And now down there below pool level, the voice stricken, oh, stricken, squalling, “Lift it,” I tipped, for I will do my job, into also Umo’s blabbing and am gone—someone headed somewhere else gone into the water forever—my sister’s thought remembering all by itself my chest-treasured heart, and California, and Umo’s two-and-a-half entry tuck-accelerated that time when the lights went (though back on in a second) one summer night — though, falling now toward the flickering sewer below and an extreme voice I was quite certain known to me, I jumped.

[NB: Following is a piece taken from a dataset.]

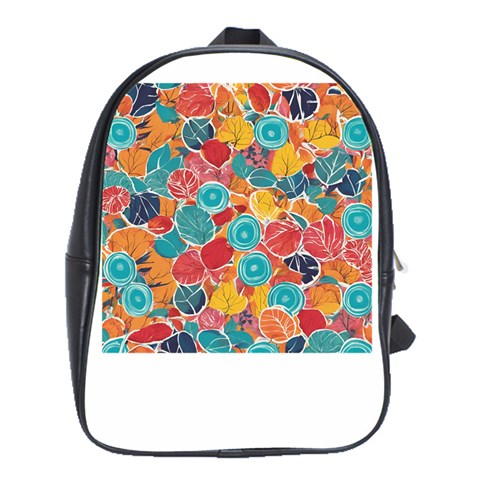 floral and leaves pattern School Bag (Large) from ArtsNow.com Front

And no time to check my plunge or midair a gap someone else forms into named unknowns:
for Time — so little between fall and water — all but ignored me, slow-on-the-uptake, a pale panel came up to skim me and raw studs wrenched askew and steel I-beam end and four- by-eight ply split torqued velocity at you between instants of a life you could call failed yet met — by me, my jump, my fall, my shadow of uncanniness, its reeling plane, sparks pouring upward through me, my bond waiting someplace, my job after all, which you may still stumble on in this other that they stick you with, on the take, I will tell the Hearings later:
already months before explained at low ebb to a military new I hoped friend listener that only by some stretch or perverse aim had I joined up, or from my father’s example or his thinking impulse self-serving first, or, by some torqued reasoning, my family (?)—
But, No, unh-unh, my listener disagreed, your job—yet then (“No no”) I disagreed with myself, interrupting with what I maybe knew he was going to say — a man of God as it happened and for a moment leaving his voice in my thought and prevailing, “No, unh-unh, negative negative, it was just where you felt…—”

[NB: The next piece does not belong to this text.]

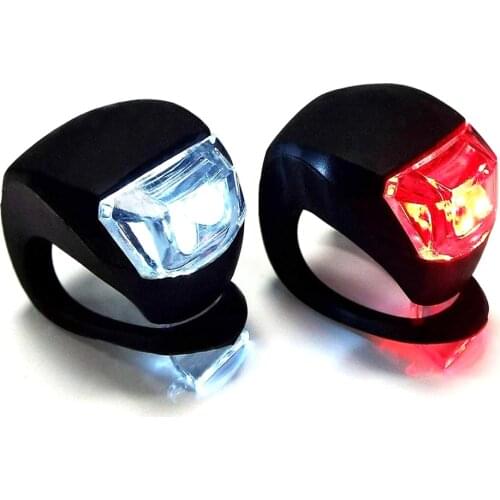 2pcs LED Bicycle Bike Cycling Silicone Head Front Rear Wheel Safety Light Lamp Set Ultra Bright Waterproof Bike accessorie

“—forced—” I began, “coerced”—
“Drafted!” the Chaplain had croaked—
Well yeah but—
—’zackly—
— my own way—
—’zackly—
— choose for my—
—’zackly — like these (he caught his breath, recalled by me mortally, exactly, months later as I fell, knowing vacantly in a vacant fate of my own the voice down in the pit) — these damned Scrolls that he’d been assigned to (?) just when he put in for…underwater training for crying out tears which was why he was here at Meade if you want the plain—
— myself, I finished, adding some dumb thought about camera being an eye but a…a…a fucking shield, no, casement window — no excuse for not speaking — word.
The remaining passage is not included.